← Articles

Contributing code with git

You want to contribute code. You use git. How to?

This is a completely rewritten version of the article Contributing code: Besting git, but slowly I published last year. You really don’t need to read it before this one.

Contributing code to an open source project you don’t own or maintain can be a daunting task if you haven’t done it before. What does contributing code even mean?

Let’s say there is this open source tool you use. It works well for the tasks you use it for, but it has this one flaw that annoys you. You think to yourself “Hey, what if I could make this right?”. You find the project’s repository online and look through its code. After a while, the faulty bit has been identified. You devise a solution, but what now? How do you fix the tool? How do you contribute your code to the project?

In git land, code contributions are commonly done by submitting a pull request. In non-technical terms, a pull request says “Hey, that thing of yours is a bit broken”, and “I’ve made some changes to it”, and finally asks “Do you want to use these changes in your project?”. In this article, we’re going through the process of contributing code to an open source project with git step by step.

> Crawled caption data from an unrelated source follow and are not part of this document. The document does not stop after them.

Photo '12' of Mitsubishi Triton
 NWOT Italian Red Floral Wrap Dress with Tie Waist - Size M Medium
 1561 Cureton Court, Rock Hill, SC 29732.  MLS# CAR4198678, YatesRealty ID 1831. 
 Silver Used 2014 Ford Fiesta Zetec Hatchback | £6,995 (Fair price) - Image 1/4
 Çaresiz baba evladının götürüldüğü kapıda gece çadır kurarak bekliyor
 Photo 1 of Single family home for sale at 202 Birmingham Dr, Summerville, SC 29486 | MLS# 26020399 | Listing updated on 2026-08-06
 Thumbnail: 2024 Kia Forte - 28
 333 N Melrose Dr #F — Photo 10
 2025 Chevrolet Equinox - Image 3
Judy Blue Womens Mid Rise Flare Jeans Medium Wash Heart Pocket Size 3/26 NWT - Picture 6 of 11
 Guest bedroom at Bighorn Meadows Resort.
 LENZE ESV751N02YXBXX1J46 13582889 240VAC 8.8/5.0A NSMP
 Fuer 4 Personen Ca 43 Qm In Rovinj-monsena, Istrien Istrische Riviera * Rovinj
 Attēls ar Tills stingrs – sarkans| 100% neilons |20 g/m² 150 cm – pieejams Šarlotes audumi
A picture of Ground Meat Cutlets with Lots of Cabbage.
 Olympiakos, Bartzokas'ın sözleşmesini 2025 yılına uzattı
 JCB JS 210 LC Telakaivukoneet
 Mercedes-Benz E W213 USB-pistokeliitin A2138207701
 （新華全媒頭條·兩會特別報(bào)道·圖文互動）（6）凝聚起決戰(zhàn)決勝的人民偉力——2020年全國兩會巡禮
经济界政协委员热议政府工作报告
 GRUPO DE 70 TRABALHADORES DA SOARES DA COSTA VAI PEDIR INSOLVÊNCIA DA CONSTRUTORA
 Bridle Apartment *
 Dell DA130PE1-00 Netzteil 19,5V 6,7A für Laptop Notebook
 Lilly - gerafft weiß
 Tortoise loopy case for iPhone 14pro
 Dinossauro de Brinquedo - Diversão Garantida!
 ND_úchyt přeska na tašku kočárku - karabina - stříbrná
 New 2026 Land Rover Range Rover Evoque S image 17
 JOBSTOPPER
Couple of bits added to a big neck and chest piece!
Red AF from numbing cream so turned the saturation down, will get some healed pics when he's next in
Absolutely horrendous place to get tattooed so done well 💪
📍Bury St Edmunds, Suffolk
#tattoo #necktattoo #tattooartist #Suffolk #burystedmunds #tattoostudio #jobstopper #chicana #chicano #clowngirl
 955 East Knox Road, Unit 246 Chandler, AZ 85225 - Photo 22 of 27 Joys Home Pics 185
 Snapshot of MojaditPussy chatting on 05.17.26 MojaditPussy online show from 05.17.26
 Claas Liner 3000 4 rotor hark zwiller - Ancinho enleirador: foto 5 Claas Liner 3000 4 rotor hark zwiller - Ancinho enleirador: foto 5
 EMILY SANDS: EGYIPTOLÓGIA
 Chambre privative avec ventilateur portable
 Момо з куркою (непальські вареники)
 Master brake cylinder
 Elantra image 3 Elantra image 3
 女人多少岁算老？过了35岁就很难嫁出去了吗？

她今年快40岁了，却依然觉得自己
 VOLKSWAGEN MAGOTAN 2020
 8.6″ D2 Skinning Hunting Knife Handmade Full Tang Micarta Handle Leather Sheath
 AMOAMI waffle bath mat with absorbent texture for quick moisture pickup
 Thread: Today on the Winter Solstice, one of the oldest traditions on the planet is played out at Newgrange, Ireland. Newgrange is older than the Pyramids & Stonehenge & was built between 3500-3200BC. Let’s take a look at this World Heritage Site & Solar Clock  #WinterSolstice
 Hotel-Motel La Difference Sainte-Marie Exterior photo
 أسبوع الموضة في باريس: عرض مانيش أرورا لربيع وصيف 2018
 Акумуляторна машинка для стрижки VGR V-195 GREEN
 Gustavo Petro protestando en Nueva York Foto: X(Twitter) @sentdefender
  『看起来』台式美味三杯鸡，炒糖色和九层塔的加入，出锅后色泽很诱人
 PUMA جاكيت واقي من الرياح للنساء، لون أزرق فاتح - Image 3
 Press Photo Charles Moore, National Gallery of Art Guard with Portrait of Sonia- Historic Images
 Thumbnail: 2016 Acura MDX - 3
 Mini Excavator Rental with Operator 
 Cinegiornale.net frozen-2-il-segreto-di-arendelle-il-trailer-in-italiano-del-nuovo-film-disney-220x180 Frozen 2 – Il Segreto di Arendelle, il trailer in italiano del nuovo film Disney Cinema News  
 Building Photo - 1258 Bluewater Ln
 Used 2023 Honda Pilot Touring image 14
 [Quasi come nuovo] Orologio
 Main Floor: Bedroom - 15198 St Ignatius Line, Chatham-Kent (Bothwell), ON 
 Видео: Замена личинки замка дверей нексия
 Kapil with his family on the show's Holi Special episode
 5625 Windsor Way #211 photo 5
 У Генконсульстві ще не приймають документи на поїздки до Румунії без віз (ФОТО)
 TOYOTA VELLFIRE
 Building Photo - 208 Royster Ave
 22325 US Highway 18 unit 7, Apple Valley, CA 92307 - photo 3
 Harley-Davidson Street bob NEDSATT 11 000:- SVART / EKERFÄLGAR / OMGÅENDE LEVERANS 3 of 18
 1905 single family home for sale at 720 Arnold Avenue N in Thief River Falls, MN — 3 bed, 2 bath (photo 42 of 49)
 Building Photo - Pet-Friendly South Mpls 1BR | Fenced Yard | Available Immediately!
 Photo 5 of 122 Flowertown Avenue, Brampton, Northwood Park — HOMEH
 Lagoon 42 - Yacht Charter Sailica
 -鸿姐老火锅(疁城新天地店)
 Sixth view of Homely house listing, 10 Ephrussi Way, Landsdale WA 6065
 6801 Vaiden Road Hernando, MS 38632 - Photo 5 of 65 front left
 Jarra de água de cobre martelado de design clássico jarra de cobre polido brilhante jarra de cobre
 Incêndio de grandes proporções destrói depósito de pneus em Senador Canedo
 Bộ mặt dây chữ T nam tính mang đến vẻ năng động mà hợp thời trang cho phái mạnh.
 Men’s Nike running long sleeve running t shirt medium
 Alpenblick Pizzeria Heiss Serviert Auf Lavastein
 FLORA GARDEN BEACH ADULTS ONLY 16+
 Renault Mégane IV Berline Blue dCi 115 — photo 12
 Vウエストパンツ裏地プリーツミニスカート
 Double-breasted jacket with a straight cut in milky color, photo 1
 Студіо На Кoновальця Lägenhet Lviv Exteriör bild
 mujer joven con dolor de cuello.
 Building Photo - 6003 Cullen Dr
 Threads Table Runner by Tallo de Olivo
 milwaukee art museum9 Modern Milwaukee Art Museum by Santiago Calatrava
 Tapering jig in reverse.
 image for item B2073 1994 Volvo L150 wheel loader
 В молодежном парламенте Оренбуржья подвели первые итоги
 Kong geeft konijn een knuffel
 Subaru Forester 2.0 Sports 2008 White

# Jump to heading Table of contents

# Jump to heading The scenario

First, let’s clarify some terms that I’m going to use. I’ll keep it short and use simplified definitions.

Now, what is the scenario? You want to contribute code to the original repository. To do that, you create a fork of the original. You manage this copy of the original repository, so you can make changes to it as you wish. You will use this copy later to show your changes to the maintainers of the original repository. To make your changes in the fork, you download a copy of the fork that you can work on locally. In this scenario, there are three different repositories one can talk about: the original (remote), the fork (remote), and the copy of the fork (local).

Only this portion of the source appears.